Why? Were those young players guilty of such attitudes?
“It was to grab talented players and get their attention,” he said. “There was nothing hostile about the conversations. It was heartfelt, with care, with how a player views himself.”
But the message to players like Justin Smoak, Michael Saunders and Adam Moore went beyond Zduriencik’s words.
They could see it in Zduriencik’s actions with Yuniesky Betancourt and Jose Lopez.
Under the previous front office, they were labeled the shortstop and second baseman of the future.

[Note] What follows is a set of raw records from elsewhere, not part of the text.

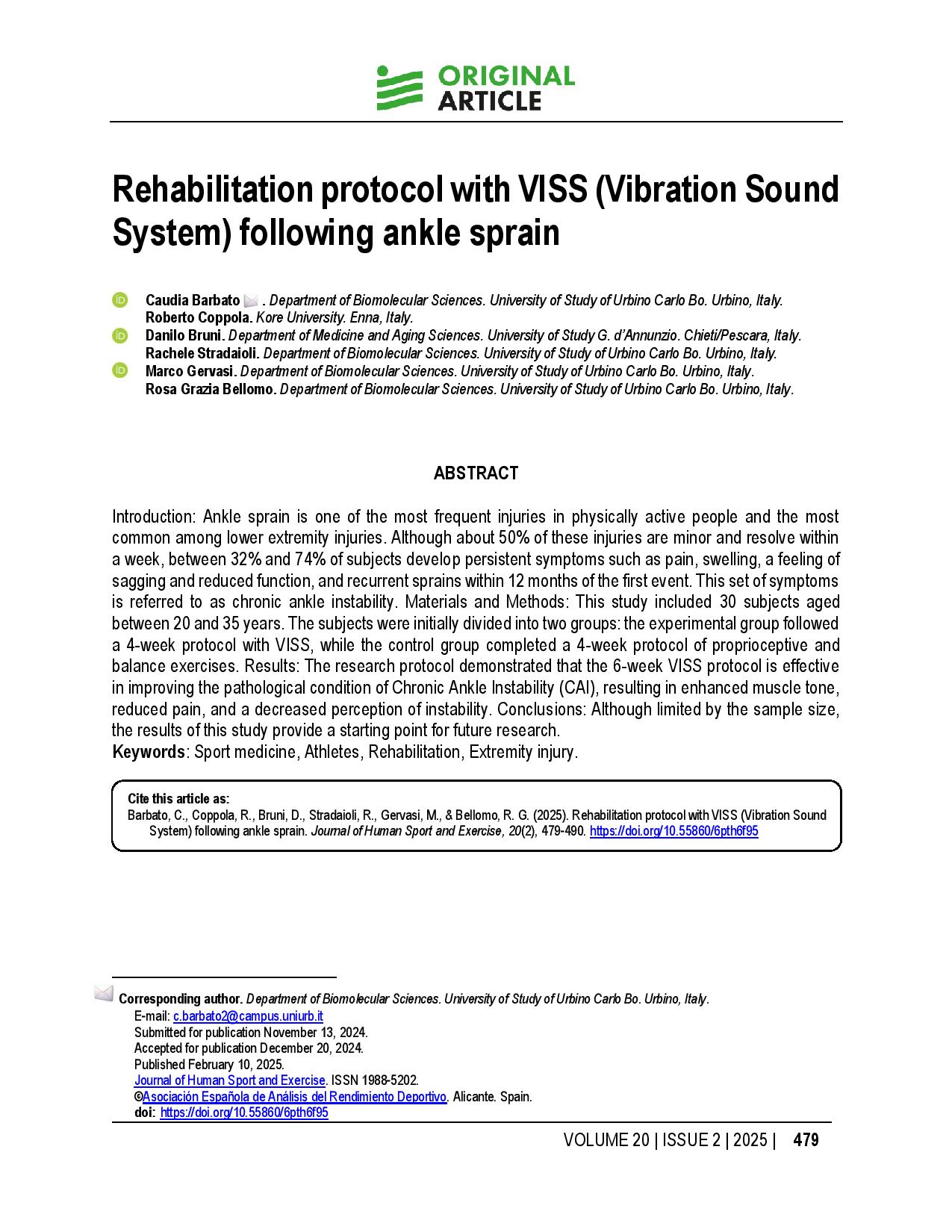 Rehabilitation protocol with VISS (Vibration Sound System) following ankle sprain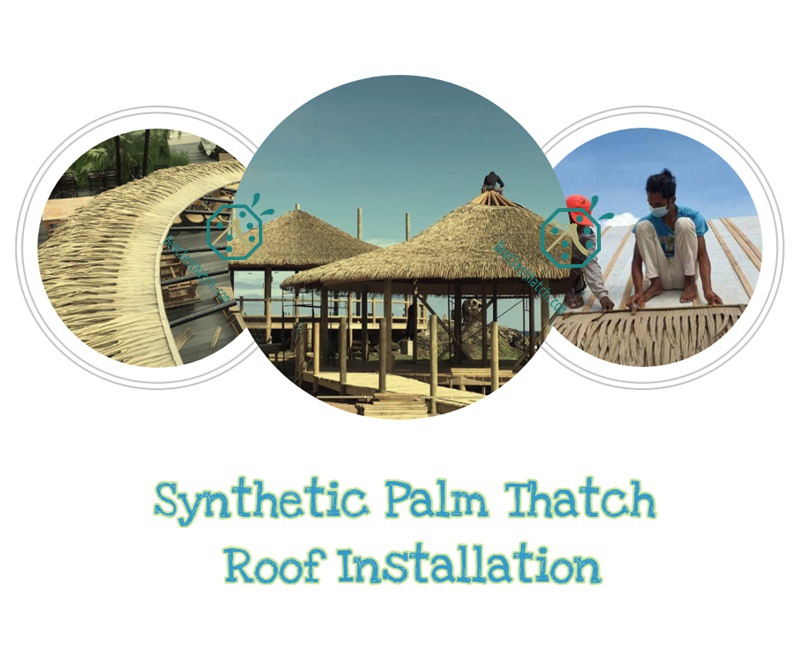 Synthetic viva palm fronds thatch roof used for garden shed, resort palapa, tiki hut restaurant, theme park bali hut, beach house, gazebo, overwater bungalow construction Synthetic viva palm fronds thatch roof used for garden shed, resort palapa, tiki hut restaurant, theme park bali hut, beach house, gazebo, overwater bungalow construction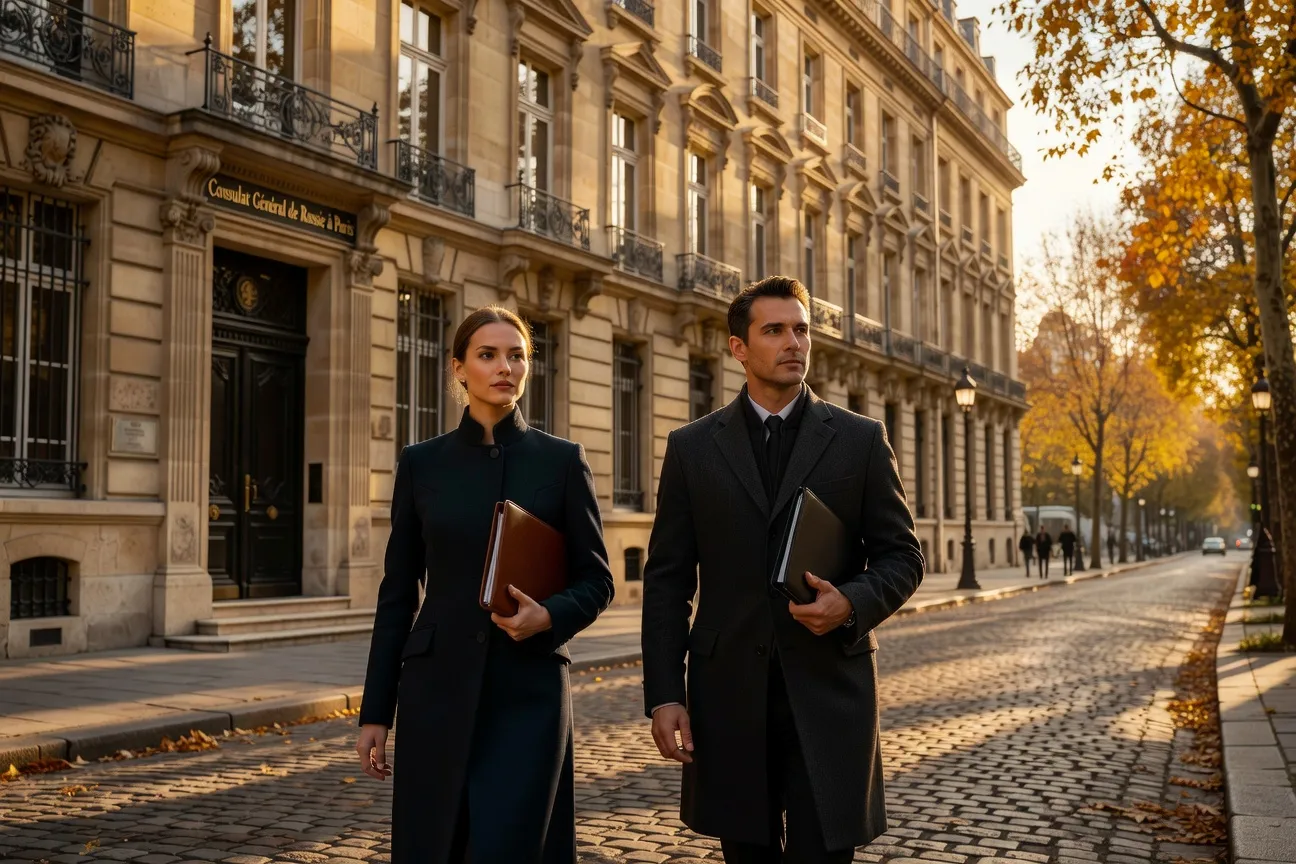 Couple franco-russe devant le consulat de Russie à Paris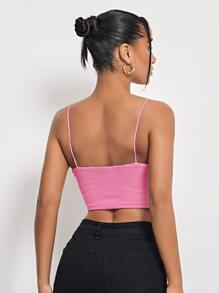 SHEIN Essnce Áo hai dây Gân đan màu trơn Giải trí - Hồng - Xem 2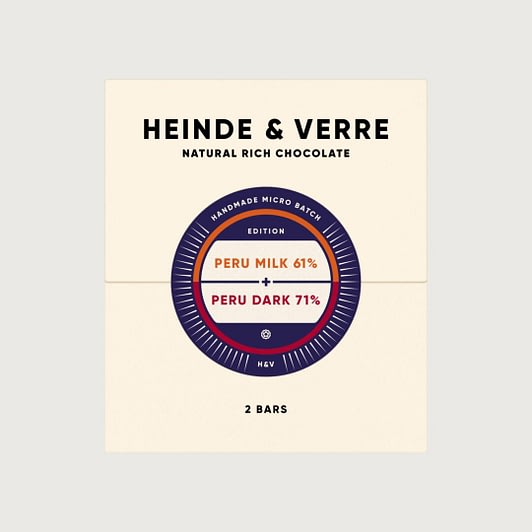 Heinde & Verre - Piura, Peru, Milk 61% and Dark 71%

They were given healthy contract extensions, and played without any real threat of losing their job.
What transpired was complacency, and both players regressed.
Betancourt bulked up and his defense faltered. At the plate, he was still swinging at just about any pitch tossed his way. Betancourt was not a better player than when he debuted in the big leagues; in a lot of ways, he was worse.
Lopez continually showed up to spring training in poor shape, and his range at second base diminished to the point the Mariners took a top free agent third baseman – Chone Figgins – and put him at second base, then moved Lopez to third.
At the plate, he continued to swing early and often. He showed signs of power, but became infatuated with it.
Even after he set career highs in home runs and RBI in 2009, the Mariners tried to trade him in the offseason.
When Zduriencik took over, it only took a half-season for Betancourt to be dealt. The Mariners finally traded Lopez this offseason, opting to acquire a pitcher who has never pitched in the big leagues as opposed to picking up the $4 million option for a one-time All-Star.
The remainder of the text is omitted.